*** Opening Dataset ***

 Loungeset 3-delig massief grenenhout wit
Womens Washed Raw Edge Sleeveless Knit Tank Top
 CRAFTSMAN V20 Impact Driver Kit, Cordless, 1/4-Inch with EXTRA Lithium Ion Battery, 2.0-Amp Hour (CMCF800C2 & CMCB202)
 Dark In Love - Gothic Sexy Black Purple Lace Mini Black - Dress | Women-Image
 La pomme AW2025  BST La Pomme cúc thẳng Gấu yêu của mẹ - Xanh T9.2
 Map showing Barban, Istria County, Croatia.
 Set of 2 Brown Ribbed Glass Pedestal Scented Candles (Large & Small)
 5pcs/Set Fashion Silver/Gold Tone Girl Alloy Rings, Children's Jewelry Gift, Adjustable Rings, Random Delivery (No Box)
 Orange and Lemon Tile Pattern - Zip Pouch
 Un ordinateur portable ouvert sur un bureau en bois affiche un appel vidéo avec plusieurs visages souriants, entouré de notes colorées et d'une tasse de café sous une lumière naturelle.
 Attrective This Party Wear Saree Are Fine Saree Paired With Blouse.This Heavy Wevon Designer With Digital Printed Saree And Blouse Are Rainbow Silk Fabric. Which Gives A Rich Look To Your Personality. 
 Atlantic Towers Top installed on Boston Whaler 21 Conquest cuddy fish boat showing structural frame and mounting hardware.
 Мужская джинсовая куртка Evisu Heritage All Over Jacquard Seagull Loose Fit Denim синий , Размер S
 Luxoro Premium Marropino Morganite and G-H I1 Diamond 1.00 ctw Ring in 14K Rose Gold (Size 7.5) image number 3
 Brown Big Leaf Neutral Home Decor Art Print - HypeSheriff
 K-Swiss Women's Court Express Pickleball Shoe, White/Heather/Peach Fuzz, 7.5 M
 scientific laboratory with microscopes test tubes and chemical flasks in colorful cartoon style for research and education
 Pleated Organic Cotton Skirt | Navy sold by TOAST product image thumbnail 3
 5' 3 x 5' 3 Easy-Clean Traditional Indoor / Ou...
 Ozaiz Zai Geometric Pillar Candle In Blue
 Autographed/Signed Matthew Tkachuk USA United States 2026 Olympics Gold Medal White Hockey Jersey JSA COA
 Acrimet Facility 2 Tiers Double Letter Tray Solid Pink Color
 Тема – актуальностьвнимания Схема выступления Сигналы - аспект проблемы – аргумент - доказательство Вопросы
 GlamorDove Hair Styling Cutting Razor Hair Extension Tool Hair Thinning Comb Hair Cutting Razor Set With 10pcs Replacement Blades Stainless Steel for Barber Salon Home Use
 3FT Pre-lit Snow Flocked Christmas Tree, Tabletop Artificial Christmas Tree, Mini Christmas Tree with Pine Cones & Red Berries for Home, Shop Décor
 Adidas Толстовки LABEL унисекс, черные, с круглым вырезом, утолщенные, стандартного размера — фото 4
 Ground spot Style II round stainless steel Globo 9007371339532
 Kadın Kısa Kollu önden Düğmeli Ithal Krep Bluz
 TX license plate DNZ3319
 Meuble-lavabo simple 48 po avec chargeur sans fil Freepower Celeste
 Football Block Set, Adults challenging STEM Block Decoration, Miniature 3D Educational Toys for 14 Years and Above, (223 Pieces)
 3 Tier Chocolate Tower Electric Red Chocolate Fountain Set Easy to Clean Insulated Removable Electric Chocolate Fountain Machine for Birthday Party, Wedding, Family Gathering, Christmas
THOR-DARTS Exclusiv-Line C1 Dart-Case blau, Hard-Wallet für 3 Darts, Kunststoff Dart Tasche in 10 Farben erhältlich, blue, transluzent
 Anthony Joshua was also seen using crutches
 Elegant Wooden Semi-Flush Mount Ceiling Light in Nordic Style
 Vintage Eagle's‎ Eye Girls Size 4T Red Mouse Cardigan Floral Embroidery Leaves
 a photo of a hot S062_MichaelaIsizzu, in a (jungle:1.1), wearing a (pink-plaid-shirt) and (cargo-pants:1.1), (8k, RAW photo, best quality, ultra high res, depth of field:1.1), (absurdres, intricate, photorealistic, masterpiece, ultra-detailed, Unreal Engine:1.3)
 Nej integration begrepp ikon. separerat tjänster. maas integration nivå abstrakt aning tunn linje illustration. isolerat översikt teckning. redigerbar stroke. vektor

*** Closing Dataset ***

Task to carry out
Nothing should be dropped. Retype each line above as it is.

Solution
 Loungeset 3-delig massief grenenhout wit
Womens Washed Raw Edge Sleeveless Knit Tank Top
 CRAFTSMAN V20 Impact Driver Kit, Cordless, 1/4-Inch with EXTRA Lithium Ion Battery, 2.0-Amp Hour (CMCF800C2 & CMCB202)
 Dark In Love - Gothic Sexy Black Purple Lace Mini Black - Dress | Women-Image
 La pomme AW2025  BST La Pomme cúc thẳng Gấu yêu của mẹ - Xanh T9.2
 Map showing Barban, Istria County, Croatia.
 Set of 2 Brown Ribbed Glass Pedestal Scented Candles (Large & Small)
 5pcs/Set Fashion Silver/Gold Tone Girl Alloy Rings, Children's Jewelry Gift, Adjustable Rings, Random Delivery (No Box)
 Orange and Lemon Tile Pattern - Zip Pouch
 Un ordinateur portable ouvert sur un bureau en bois affiche un appel vidéo avec plusieurs visages souriants, entouré de notes colorées et d'une tasse de café sous une lumière naturelle.
 Attrective This Party Wear Saree Are Fine Saree Paired With Blouse.This Heavy Wevon Designer With Digital Printed Saree And Blouse Are Rainbow Silk Fabric. Which Gives A Rich Look To Your Personality. 
 Atlantic Towers Top installed on Boston Whaler 21 Conquest cuddy fish boat showing structural frame and mounting hardware.
 Мужская джинсовая куртка Evisu Heritage All Over Jacquard Seagull Loose Fit Denim синий , Размер S
 Luxoro Premium Marropino Morganite and G-H I1 Diamond 1.00 ctw Ring in 14K Rose Gold (Size 7.5) image number 3
 Brown Big Leaf Neutral Home Decor Art Print - HypeSheriff
 K-Swiss Women's Court Express Pickleball Shoe, White/Heather/Peach Fuzz, 7.5 M
 scientific laboratory with microscopes test tubes and chemical flasks in colorful cartoon style for research and education
 Pleated Organic Cotton Skirt | Navy sold by TOAST product image thumbnail 3
 5' 3 x 5' 3 Easy-Clean Traditional Indoor / Ou...
 Ozaiz Zai Geometric Pillar Candle In Blue
 Autographed/Signed Matthew Tkachuk USA United States 2026 Olympics Gold Medal White Hockey Jersey JSA COA
 Acrimet Facility 2 Tiers Double Letter Tray Solid Pink Color
 Тема – актуальностьвнимания Схема выступления Сигналы - аспект проблемы – аргумент - доказательство Вопросы
 GlamorDove Hair Styling Cutting Razor Hair Extension Tool Hair Thinning Comb Hair Cutting Razor Set With 10pcs Replacement Blades Stainless Steel for Barber Salon Home Use
 3FT Pre-lit Snow Flocked Christmas Tree, Tabletop Artificial Christmas Tree, Mini Christmas Tree with Pine Cones & Red Berries for Home, Shop Décor
 Adidas Толстовки LABEL унисекс, черные, с круглым вырезом, утолщенные, стандартного размера — фото 4
 Ground spot Style II round stainless steel Globo 9007371339532
 Kadın Kısa Kollu önden Düğmeli Ithal Krep Bluz
 TX license plate DNZ3319
 Meuble-lavabo simple 48 po avec chargeur sans fil Freepower Celeste
 Football Block Set, Adults challenging STEM Block Decoration, Miniature 3D Educational Toys for 14 Years and Above, (223 Pieces)
 3 Tier Chocolate Tower Electric Red Chocolate Fountain Set Easy to Clean Insulated Removable Electric Chocolate Fountain Machine for Birthday Party, Wedding, Family Gathering, Christmas
THOR-DARTS Exclusiv-Line C1 Dart-Case blau, Hard-Wallet für 3 Darts, Kunststoff Dart Tasche in 10 Farben erhältlich, blue, transluzent
 Anthony Joshua was also seen using crutches
 Elegant Wooden Semi-Flush Mount Ceiling Light in Nordic Style
 Vintage Eagle's‎ Eye Girls Size 4T Red Mouse Cardigan Floral Embroidery Leaves
 a photo of a hot S062_MichaelaIsizzu, in a (jungle:1.1), wearing a (pink-plaid-shirt) and (cargo-pants:1.1), (8k, RAW photo, best quality, ultra high res, depth of field:1.1), (absurdres, intricate, photorealistic, masterpiece, ultra-detailed, Unreal Engine:1.3)
 Nej integration begrepp ikon. separerat tjänster. maas integration nivå abstrakt aning tunn linje illustration. isolerat översikt teckning. redigerbar stroke. vektor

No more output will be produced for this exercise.